• **Work instructions**: Transcribe nothing except the lines below that run from the one with "2025 Ford Explorer photo 1" to the one with "Used BMW 118", ends included, and do not copy any picture.

[Dataset entries]

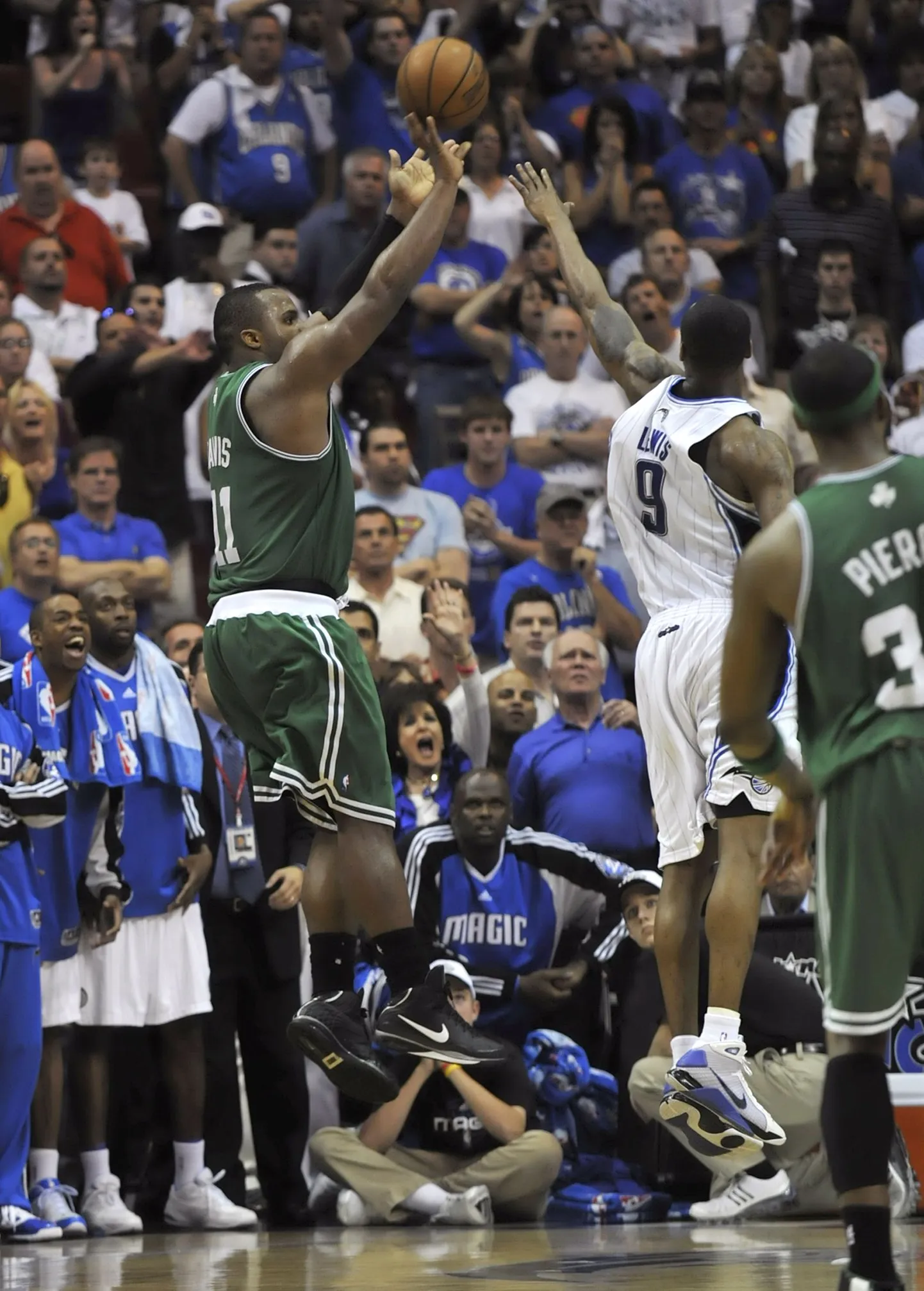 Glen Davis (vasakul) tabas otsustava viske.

[/Dataset entries]
[Dataset entries]

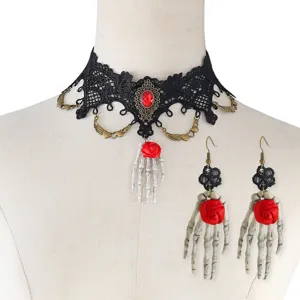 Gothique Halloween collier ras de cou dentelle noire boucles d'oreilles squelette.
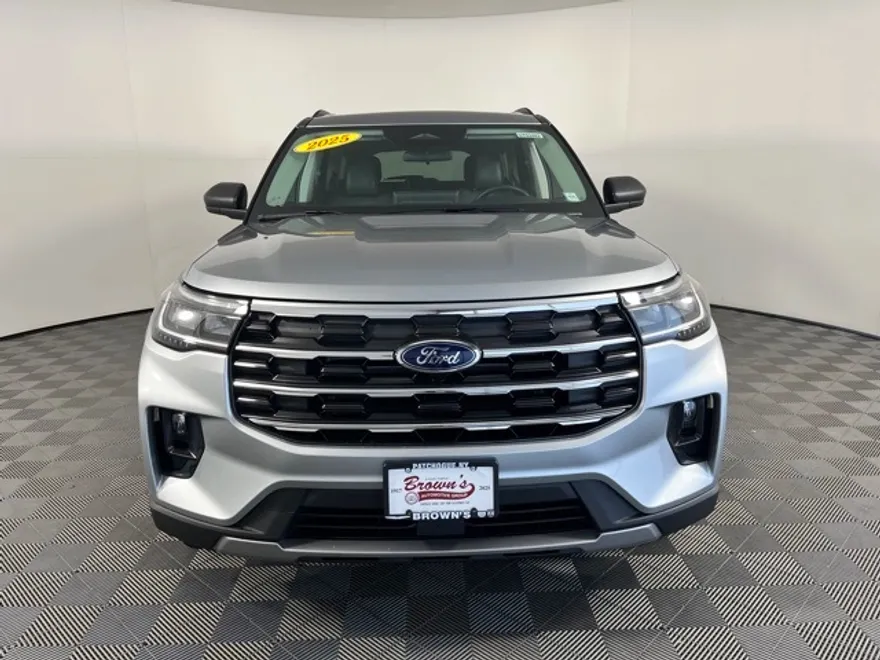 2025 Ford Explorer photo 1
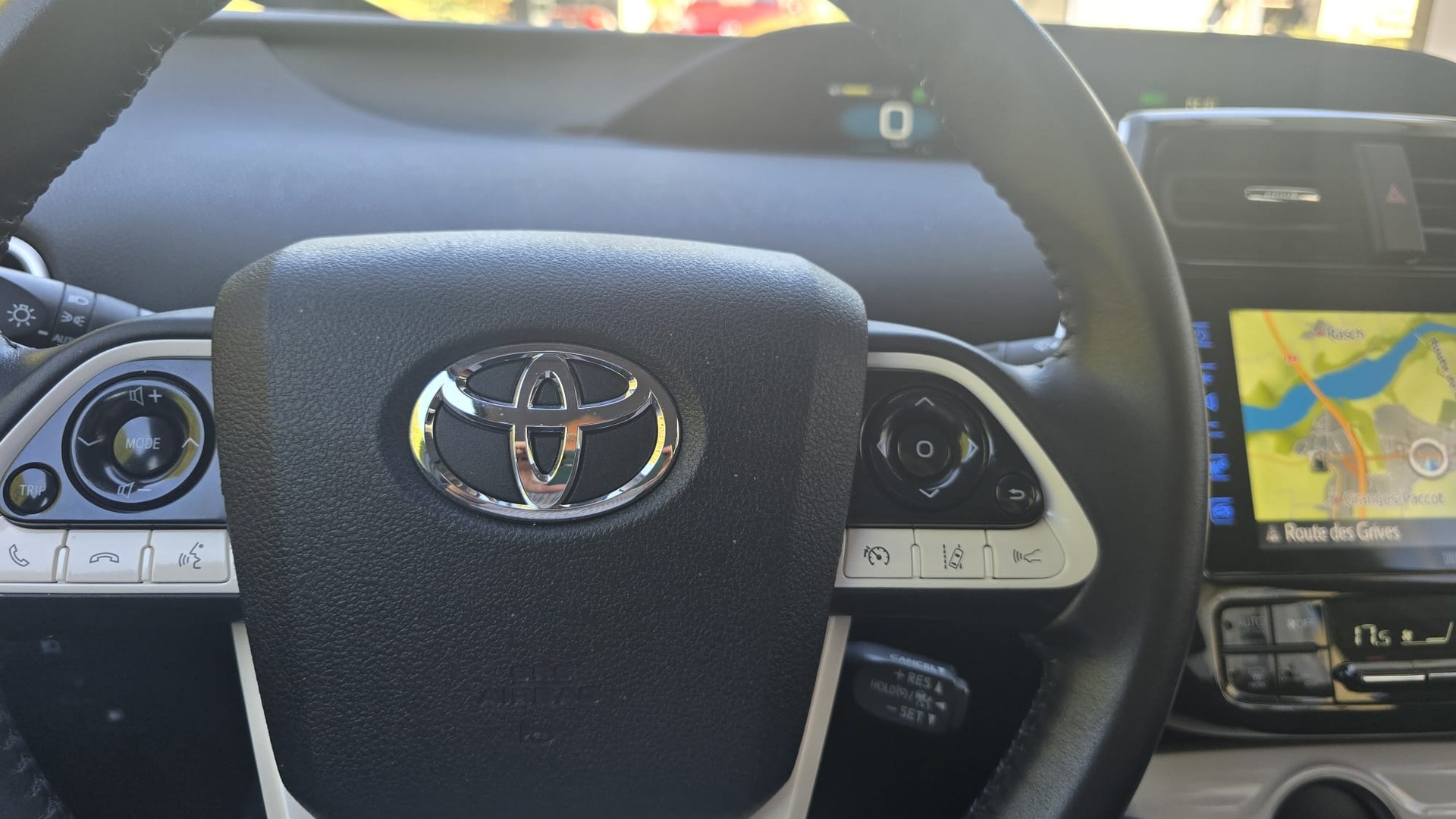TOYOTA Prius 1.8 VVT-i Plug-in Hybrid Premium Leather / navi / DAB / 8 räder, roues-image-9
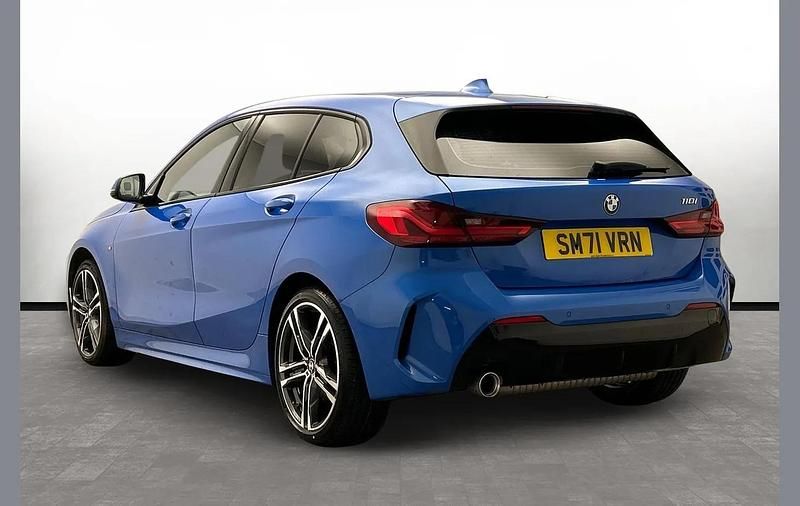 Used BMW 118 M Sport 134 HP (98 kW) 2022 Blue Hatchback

[/Dataset entries]
[Dataset entries]

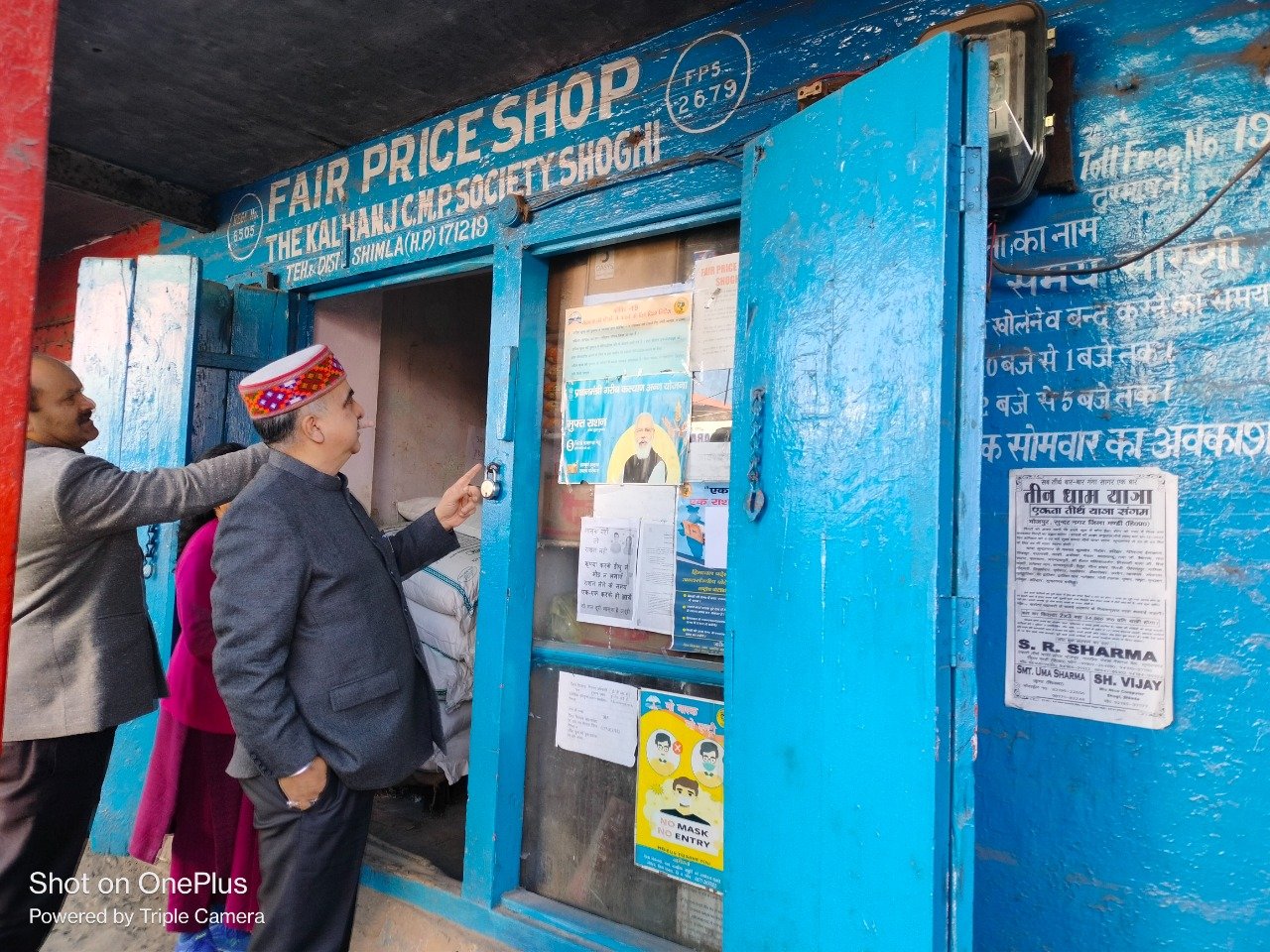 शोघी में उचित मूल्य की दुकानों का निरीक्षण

[/Dataset entries]

• **Task output**:
 2025 Ford Explorer photo 1
TOYOTA Prius 1.8 VVT-i Plug-in Hybrid Premium Leather / navi / DAB / 8 räder, roues-image-9
 Used BMW 118 M Sport 134 HP (98 kW) 2022 Blue Hatchback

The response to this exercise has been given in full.